My impression of such filters is like this:
Suppose you want a, say, 6 pole bandpass filter, very narrow. You need 3 L's and 3 C's. The general design of such a filter is a parallel resonator, coupled to another parallel resonator, using a series resonator between (for a Pi design). A very sharp bandpass means the impedance of each resonator must be very different from the transmission line impedance, while the poles are kind of on top of each other (give or take pulling interactions). So the parallel resonators need a very low impedance to successfully shunt the line, while the series resonator needs a very high impedance to keep coupling to a minimum, except in the narrow frequency band where it's desired.

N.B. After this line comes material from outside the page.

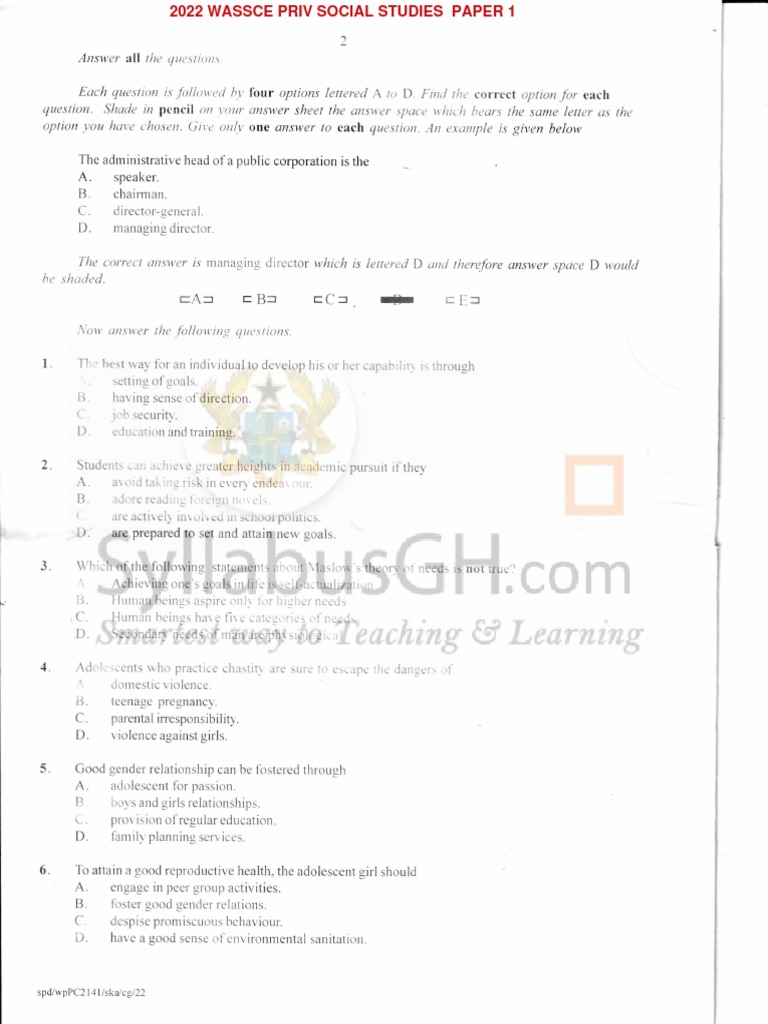 2022 Wassce Priv Social Studies Paper 1 | PDF | Peacebuilding | New Partnership For Africa's ...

But with microstrip or what have you, it's very difficult to get such a large impedance ratio, so your filter Q (sharpness) is way down and you need more stages instead. This is not done with discrete components, because you can wind an arbitrarily good inductor, and one expensive inductor is better than matching three, smaller, custom inductors.
As I'm sure you're already familiar with, the basic idea of microstrip (or whatever) is to alternate between high and low impedance segments, where the low impedance segments look like low-Z parallel resonators and the high impedance segments look like high-Z series resonators. Or vice versa. Using the impedance of a resonator as the corresponding quantity, it should be very easy to calculate a simple bandpass by trace widths, of course you'd need to model it to verify dimensions are correct and the poles are in the right place.
A lowpass filter doesn't need large impedance ratios (high Q resonators), at least until the higher order poles. Getting a sharp corner could be challenging in that case, but using more stages always works.
You can save on trace width by giving it some height over the ground plane -- you can cut out a hole to give the field some room, but I don't know how to calculate the cutout required. Would also kill EMC.